DENHAG, suaramuhammadiyah.id. Laut China Selatan menjadi tranding topic setelah Peradilan Internasional di Denhag memenangkan Philipina atas klaim China selama ini, bahwa hampir seluruh kawasan Laut China Selatan menjadi milik kekuasaan China. Pengadilan Denhag mementahkan klaim China tersebut, bahwa secara kesejarahan China tak memiliki bukti melakukan kontrol eksklusif atas perairan atau sumber daya alam Laut China Selatan.

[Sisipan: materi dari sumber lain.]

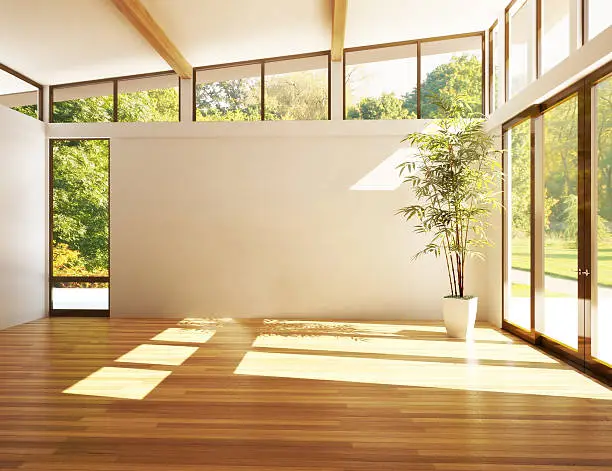Photo of Empty modern room with sun-filled windows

Atas hasil pengadilan ini, menurut Kantor Berita China Xinhua, China merasa disakiti dan mengatakan tidak terikat akan keputusan itu. China tetap mengklaim hampir semua Laut Cina Selatan, termasuk terumbu karang dan pulau-pulau yang juga diklaim oleh orang lain adalah milik mereka.

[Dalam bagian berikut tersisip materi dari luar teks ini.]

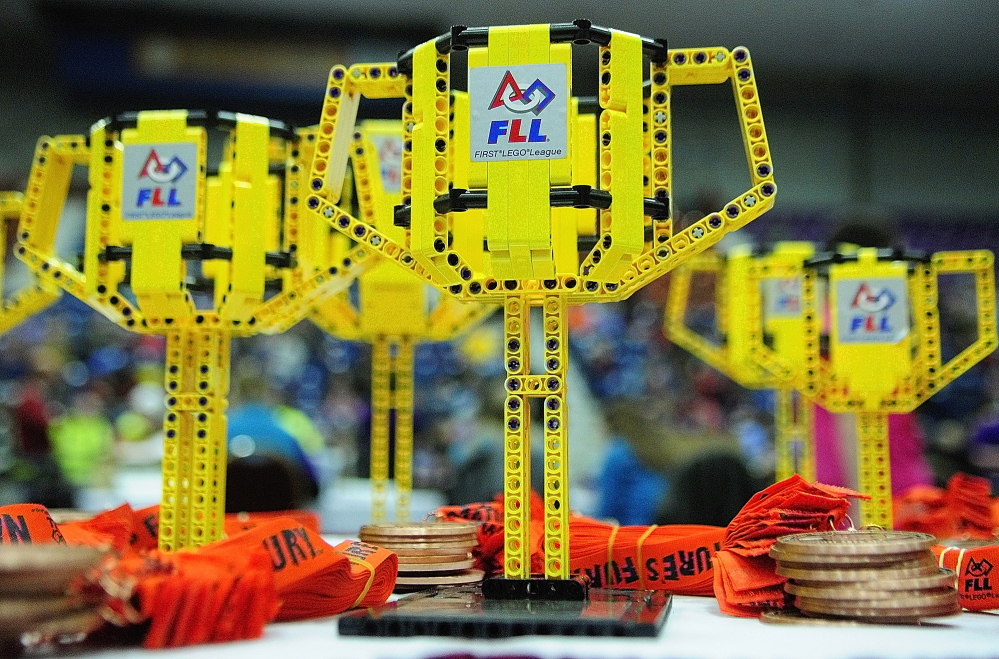 MEMENTOES: The trophies are made of LEGO at Maine’s FIRST® LEGO® League Championship at the Augusta Civic Center on Saturday.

Pengadilan di Den Haag mengatakan, China telah melanggar hak-hak kedaulatan Filipina. Ia juga mengatakan China telah menyebabkan “kerusakan parah pada lingkungan terumbu karang” dengan membangun pulau-pulau buatan.

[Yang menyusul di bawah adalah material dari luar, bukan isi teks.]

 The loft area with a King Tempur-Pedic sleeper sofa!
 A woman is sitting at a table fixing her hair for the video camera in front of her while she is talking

Keputusan itu datang dari pengadilan arbitrase di bawah Konvensi PBB tentang Hukum Laut (UNCLOS), yang kedua negara telah menandatangani. Putusan mengikat keduanya, tetapi tidak memiliki kekuatan penegakan.
Selain memutuskan sengketa antara China dan Philipina yang dimenangkan Philiphina, pengadilan juga membuat peta kekuasaan negara-negara di sekitar Laut China Selatan atas kawasan Laut China Selatan. Ternasuk di dalamnya kekuasaan Indonesia atas sebagian wilayah Laut China Selatan.
garis merah: klaim kekuasaan china atas Laut China Selatan
garis biru: batas-batas kekuasaan negara-negara di sekitar Laut China Selatan atas kawasan Laut China Selatan.
Hal ini diperkirakan akan membuat ketegangan baru di Laut China Selatan. Sebab AS mengirim sebuah kapal induk dan jet tempur ke wilayah tersebut menjelang putusan. Ini mendorong sebuah editorial marah di Global Times, sebuah surat kabar yang dikelola negara sangat nasionalis, menyerukan AS untuk mempersiapkan “konfrontasi militer” di Laut China Selatan (le).